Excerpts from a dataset

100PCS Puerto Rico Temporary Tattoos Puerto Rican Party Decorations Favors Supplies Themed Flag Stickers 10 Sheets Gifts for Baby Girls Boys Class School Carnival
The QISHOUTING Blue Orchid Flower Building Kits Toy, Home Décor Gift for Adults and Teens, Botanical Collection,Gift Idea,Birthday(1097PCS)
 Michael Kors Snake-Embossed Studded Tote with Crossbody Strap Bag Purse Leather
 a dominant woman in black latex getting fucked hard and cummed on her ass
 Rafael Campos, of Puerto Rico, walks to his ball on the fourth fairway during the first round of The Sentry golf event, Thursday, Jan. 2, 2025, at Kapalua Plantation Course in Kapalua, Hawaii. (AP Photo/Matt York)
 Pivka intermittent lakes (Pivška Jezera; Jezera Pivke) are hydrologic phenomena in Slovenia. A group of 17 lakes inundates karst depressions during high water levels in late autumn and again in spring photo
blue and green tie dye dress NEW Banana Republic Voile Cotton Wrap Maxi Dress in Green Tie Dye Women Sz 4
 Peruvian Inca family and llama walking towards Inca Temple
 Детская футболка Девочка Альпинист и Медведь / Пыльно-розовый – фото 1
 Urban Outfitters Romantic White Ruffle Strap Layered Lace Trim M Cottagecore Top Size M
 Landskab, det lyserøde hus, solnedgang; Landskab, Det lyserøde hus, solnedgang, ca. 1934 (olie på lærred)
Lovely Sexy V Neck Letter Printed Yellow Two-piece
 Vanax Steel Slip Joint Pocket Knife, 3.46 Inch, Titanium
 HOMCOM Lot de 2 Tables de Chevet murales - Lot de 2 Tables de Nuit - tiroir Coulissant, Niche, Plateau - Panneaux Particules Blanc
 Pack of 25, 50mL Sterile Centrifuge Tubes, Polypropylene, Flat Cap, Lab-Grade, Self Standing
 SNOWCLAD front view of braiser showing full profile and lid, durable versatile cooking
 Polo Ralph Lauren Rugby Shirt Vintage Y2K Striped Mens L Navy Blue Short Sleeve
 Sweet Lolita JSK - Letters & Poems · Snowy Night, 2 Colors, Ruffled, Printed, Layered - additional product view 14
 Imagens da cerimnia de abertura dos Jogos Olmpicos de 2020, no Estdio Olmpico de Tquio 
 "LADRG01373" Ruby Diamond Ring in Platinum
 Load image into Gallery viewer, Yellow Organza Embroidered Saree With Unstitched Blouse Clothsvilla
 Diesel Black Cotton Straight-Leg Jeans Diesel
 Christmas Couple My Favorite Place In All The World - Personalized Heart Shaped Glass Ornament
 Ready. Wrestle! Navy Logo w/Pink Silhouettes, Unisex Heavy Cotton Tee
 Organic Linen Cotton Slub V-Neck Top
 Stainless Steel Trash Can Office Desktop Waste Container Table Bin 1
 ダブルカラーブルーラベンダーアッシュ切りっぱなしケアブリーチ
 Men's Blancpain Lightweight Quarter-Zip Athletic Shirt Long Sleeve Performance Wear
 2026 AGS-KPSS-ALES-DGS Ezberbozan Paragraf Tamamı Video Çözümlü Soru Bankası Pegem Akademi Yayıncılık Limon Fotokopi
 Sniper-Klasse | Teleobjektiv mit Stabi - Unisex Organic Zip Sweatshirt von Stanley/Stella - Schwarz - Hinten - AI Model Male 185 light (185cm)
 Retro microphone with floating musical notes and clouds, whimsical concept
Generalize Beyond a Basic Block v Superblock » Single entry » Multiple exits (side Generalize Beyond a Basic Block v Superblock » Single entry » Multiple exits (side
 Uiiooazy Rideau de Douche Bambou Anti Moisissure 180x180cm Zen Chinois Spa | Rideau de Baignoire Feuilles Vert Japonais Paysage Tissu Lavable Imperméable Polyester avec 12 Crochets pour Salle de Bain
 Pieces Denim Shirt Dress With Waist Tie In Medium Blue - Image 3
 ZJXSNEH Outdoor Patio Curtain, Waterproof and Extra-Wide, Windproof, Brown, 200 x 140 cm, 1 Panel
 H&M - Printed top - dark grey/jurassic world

**PROBLEM DESCRIPTION**. Find the word "Rico" in the records, and report each line that has it.

**ANSWER TO THIS EXERCISE**.
100PCS Puerto Rico Temporary Tattoos Puerto Rican Party Decorations Favors Supplies Themed Flag Stickers 10 Sheets Gifts for Baby Girls Boys Class School Carnival
 Rafael Campos, of Puerto Rico, walks to his ball on the fourth fairway during the first round of The Sentry golf event, Thursday, Jan. 2, 2025, at Kapalua Plantation Course in Kapalua, Hawaii. (AP Photo/Matt York)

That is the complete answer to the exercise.